20.2 A commercial agreement between First Solar, Lyon 1 and Lyon Solar, which will provide for Lyon 1 and Lyon Solar to "step into the shoes" of Lyon. A draft commercial agreement will be provided shortly for your clients' review.
(original emphasis)
24 On 21 December 2017 the Court made orders (December Orders) including granting leave to First Solar to join Lyon Solar to the proceeding by the filing of the Amended Originating Process and for Lyon and Lyon 1 to inform First Solar's solicitors by 22 December 2017 when the Secured Property was transferred by Lyon to Lyon 1 and Lyon Solar and what consideration was received by Lyon in respect of those transfers.
25 On 22 December 2017, pursuant to Order 4 of the December Orders, Clayton Utz informed Squire Patton Boggs that Lyon had transferred the Secured Property to Lyon Solar on 27 January 2017 and that neither Lyon nor Lyon 1 had received any consideration for the transfer.

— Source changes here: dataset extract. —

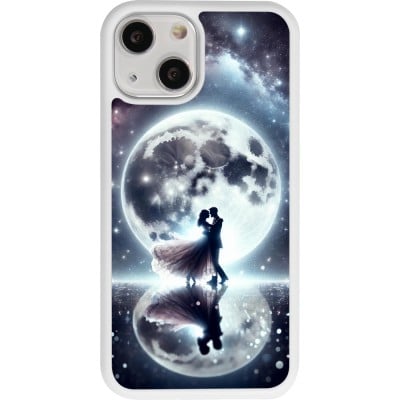 Coque iPhone 13 mini - Silicone rigide blanc Valentine 2024 Love under the moon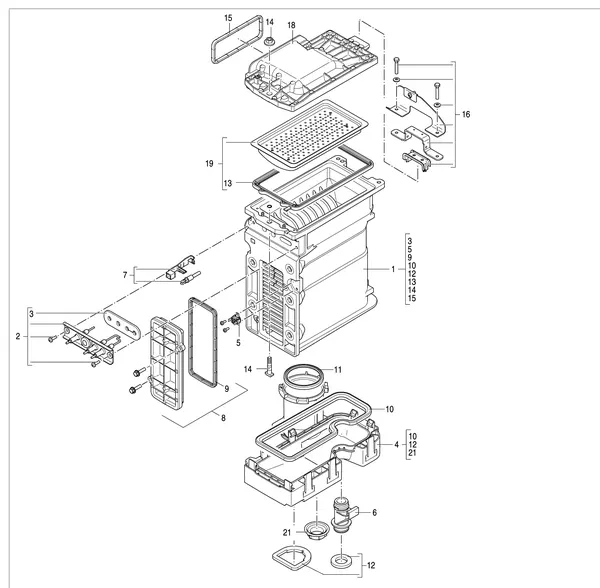 Exploded view Nefit (Bosch) 9700i HR25: Warmtewisselaar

26 On 11 January 2018 Clayton Utz informed Squire Patton Boggs, among other things, that:
(1) in light of concerns raised by Squire Patton Boggs (set out at [23] above) and in good faith, Lyon 1 had arranged for Lyon Solar to execute an assignment deed effecting the transfer of the ownership of all Secured Property that it holds to Lyon 1 (Assignment Deed);
(2) the assignment did not include a "Kingfisher" project because the Kingfisher project held by Lyon Solar (Kingfisher Stage 2) was "distinct from the Kingfisher project the subject of the [GS Deed] and Deed of Variation, which is held by Lyon 1";
(3) the Kingfisher project the subject of the GS Deed is held by Lyon 1;
(4) as a result of the Assignment Deed and the clarification in respect of the Kingfisher project, the whole of the Secured Property is held by Lyon 1 and is subject to the November Orders; and
(5) the Secured Property held by Lyon 1, other than the Secured Property the subject of the Assignment Deed, was transferred to it by Lyon on 27 January 2017 for nil consideration.